Dont suppose you would make a guide for me / others who want to do somthing like this  xx


----------



## bumbleyjoe (Feb 5, 2010)

looks great so far! thought you said you didnt have an artistic bone in your body!!! you lie! :lol2: 

Cant wait to see it when its finished! My fake rock background doesnt look half as good as that! (the only reason mine looks any good is because of the plants! lol)


----------



## bluepoolshark (May 4, 2010)

Thanks guys, I really am rubbish at anything arty so this is of Mona Lisa proportions for me!

As for how I did it, I bought a pack of poly off ebay, a pack of knives from poundland and hacked away until it looked ok, thats about it!:lol2:


----------



## thething84 (Apr 26, 2010)

looking really good. oei gotmost of mine donethink i gonna have to go at it with propane torch


----------



## bluepoolshark (May 4, 2010)

I used a lighter, as didn't want a too harsh flame and melt right through or anything!!


----------



## thething84 (Apr 26, 2010)

problem i find is the lighter gets too hot and runns out of gas in no time. propane torch on super low is cooler than a lighter i find.


----------



## Becky Wheeler (Jun 15, 2006)

WOW!! Looking awesome!! :notworthy:

I thought about the whole melting the poly slightly and then I saw this vision of everything going wosh!! and flames and a bunch of fit firemen running to my door!! LOL.

I think thats something i'd have to try outside! pref. in my neighbours front garden! LMAO!


----------



## bluepoolshark (May 4, 2010)

thething84 said:


> problem i find is the lighter gets too hot and runns out of gas in no time. propane torch on super low is cooler than a lighter i find.

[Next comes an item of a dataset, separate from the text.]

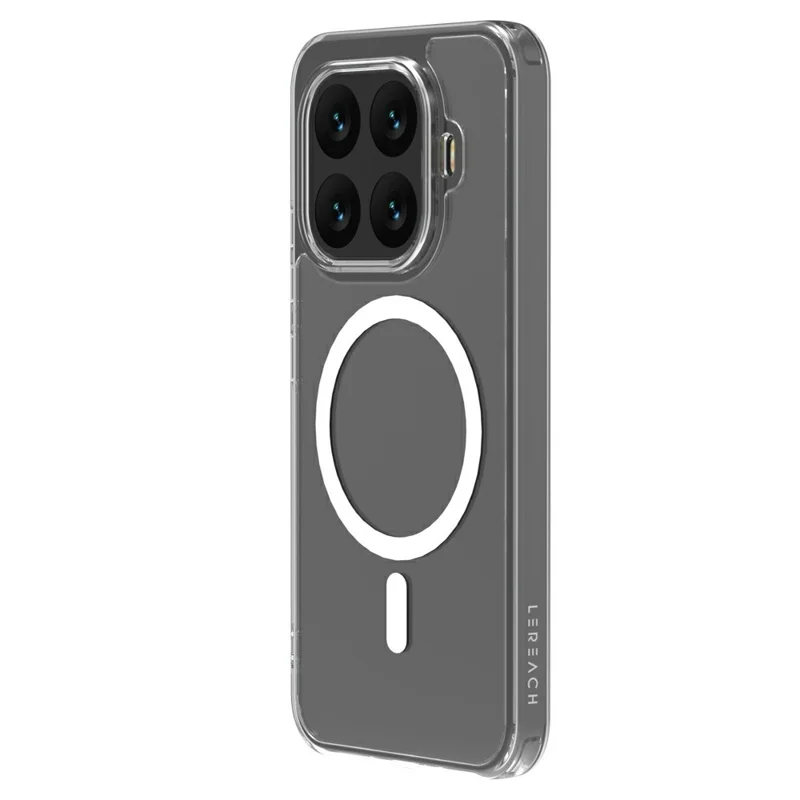 LEREACH Serie TOC per Xiaomi 17T Custodia Magnetica TPU + Copertura in Acrilico per Telefono - Trasparente
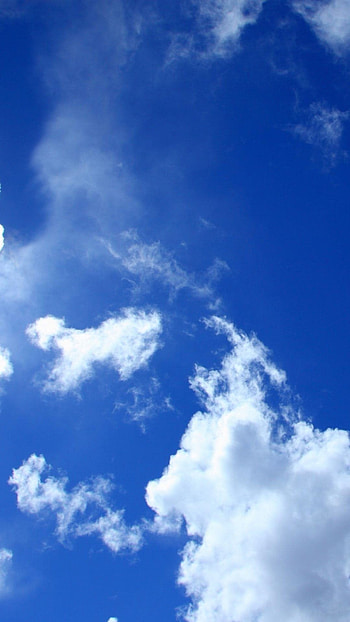 Blue Sky White Clouds Lockscreen 6 Plus ... HD phone wallpaper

Will remember that for next time, thanks for the tip!


----------



## bluepoolshark (May 4, 2010)

Becky Wheeler said:


> WOW!! Looking awesome!! :notworthy:
> 
> I thought about the whole melting the poly slightly and then I saw this vision of everything going wosh!! and flames and a bunch of fit firemen running to my door!! LOL.
> 
> I think thats something i'd have to try outside! pref. in my neighbours front garden! LMAO!


Thanks! :smile:

Apart from the fumes, doing it indoors wasn't as dangerous as I thought it might be, managed to do it without causing any damage, although i'm sure my girlfriend would have liked the firemen assistance should anything have gone wrong!! :lol2:


----------



## Simon M (Oct 9, 2008)

:notworthy: Looks good! 

We currenlty have ours for sale - decided to stick with dragons and chams!

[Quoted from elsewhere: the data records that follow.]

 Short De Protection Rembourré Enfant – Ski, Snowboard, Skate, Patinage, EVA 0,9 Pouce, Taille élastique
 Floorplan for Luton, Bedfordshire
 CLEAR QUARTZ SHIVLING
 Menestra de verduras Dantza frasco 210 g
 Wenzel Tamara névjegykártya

Blood, sweat and tears.........but worth it in the end x My hubby doesnt want to part with it as he put some much into it! And I just need the room and win everytime lol




























Its currently in the equipment adds if anyone is interested, making your own is so much more creative x 

Lucy:flrt:


----------



## bluepoolshark (May 4, 2010)

Finally got the second coat of grout on last night, first coat was a rough sandy texture, last night's was smooth, seems to have given it a really good feel, so will probably do the next coat in the rough texture again and finish off with a smooth one, then I won't need to put any sand in when I seal it all


----------



## Simon M (Oct 9, 2008)

Dont forget to post lots of nice pictures x :flrt:


----------



## bluepoolshark (May 4, 2010)

As requested a few pics of the grouting plus a couple of extras of the build so far! 

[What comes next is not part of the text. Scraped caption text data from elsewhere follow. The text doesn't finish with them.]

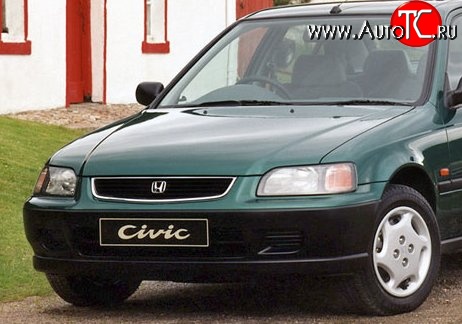 13 699 р. Пластиковый капот (Англия) Standart Honda Civic 6 EJ,EK,EM дорестайлинг, хэтчбэк 3 дв. (1995-1998)  с доставкой в г. Калуга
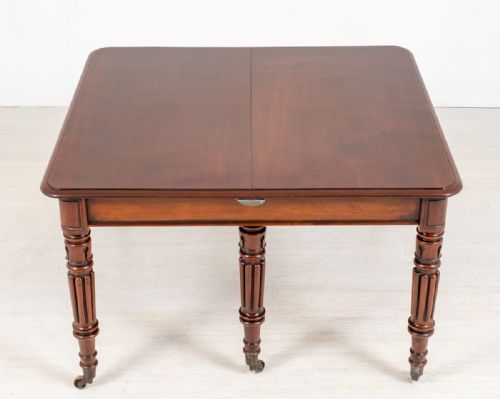 fig 1. Splendid Mahogany William IV Extending Dining Table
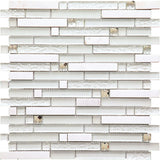 ALASKA ICICLE glass, stone Mosaic Tile.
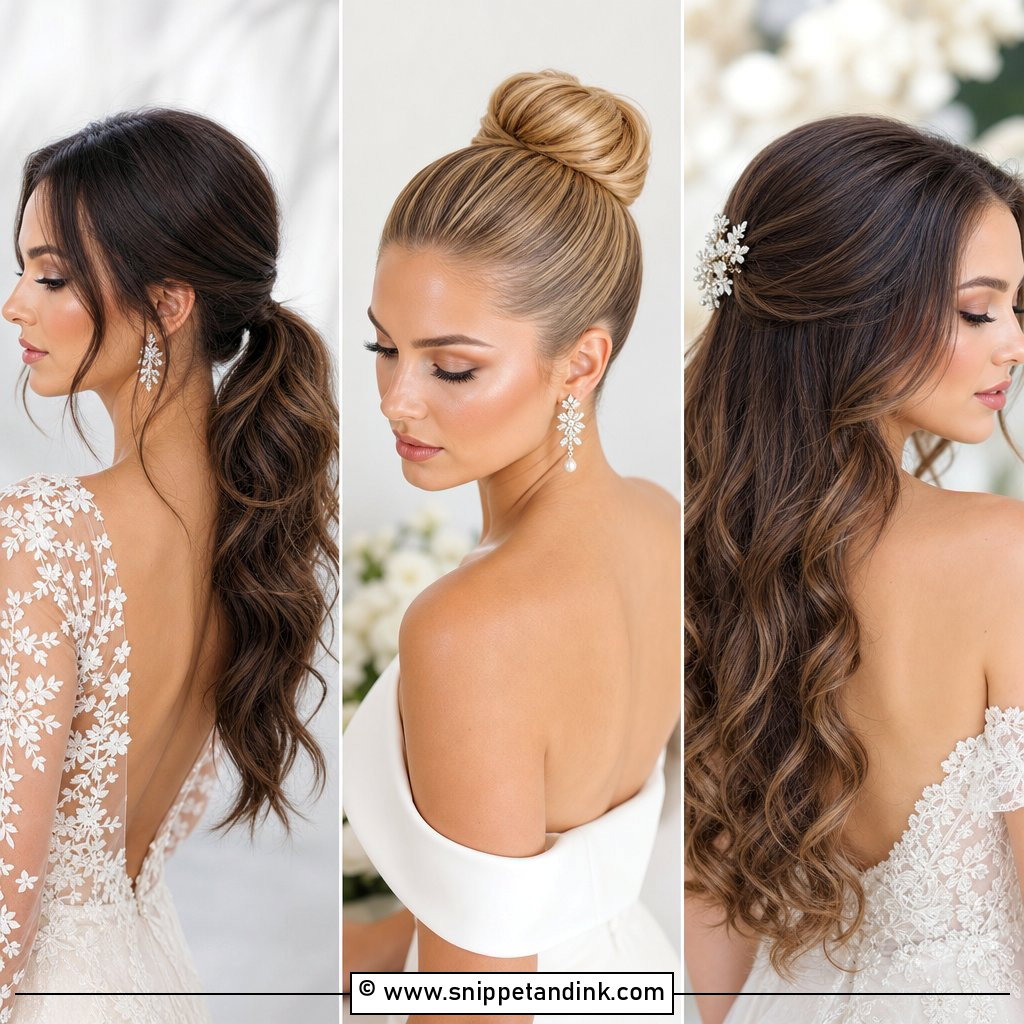 15 Minimalist Wedding Hairstyles for Effortless Bridal Chic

Viv all back together before grouting








Left side upper level, stairs & hide








Right side all togther








Access to left side upper level, this goes straight into the hide








You can just about see the ramp to the upper level access hole








First Grout coat, using a fairly sandy textured floor grout
































Second grout coat, using a smooth wall tile grout


----------



## bry rose (Apr 3, 2010)

looking good mate :2thumb:


----------



## ch4dg (Jul 24, 2008)

cool layout, cant wait to see it finished


----------



## bluepoolshark (May 4, 2010)

Cheers guys :2thumb:

Hopefully will get the painting started this weekend, which will really give me a good feel of how it will look finished!


----------



## fuzzzzbuzzzz (Apr 11, 2010)

Looking awesome, I tried to do something like that, but it went completely wrong and it looks ok, but tbh I dont really want to put it in a viv. I might have to try again. Nice build though.


----------



## bluepoolshark (May 4, 2010)

Finally got it all completed and back together, looks pretty good if I say so myself:lol2: I will upload some more pics shortly!


----------



## bluepoolshark (May 4, 2010)

Few more piccies, need to add some more greenery I think but otherwise very happy with the outcome and especially the colour!


----------



## bry rose (Apr 3, 2010)

looks great :2thumb: the end result shows how much hard work went into it :no1:


----------



## thething84 (Apr 26, 2010)

thats looks superbe mate. makes me wish i did a bit more on mine. Whats going in it. sorry if you already said and i missed it


----------



## bluepoolshark (May 4, 2010)

Thanks guys! It will be home to a leopard gecko, and i'm currently waiting for the one I have first dibs on at a local breeder to get big enough so I can buy her :2thumb:


----------



## Joshuar. (Dec 7, 2009)

Ha. Looks abit like the town of Bedrock from the Flintstones. Good Work :2thumb:


----------



## bluepoolshark (May 4, 2010)

Joshuar. said:


> Ha. Looks abit like the town of Bedrock from the Flintstones. Good Work :2thumb:


I had never really thought of it like that, guess it does look a bit flintstone like:lol2:


----------



## Jamesferrassie (Jul 14, 2011)

I love how the fact its all removalable.


----------



## bluepoolshark (May 4, 2010)

Jamesferrassie said:


> I love how the fact its all removalable.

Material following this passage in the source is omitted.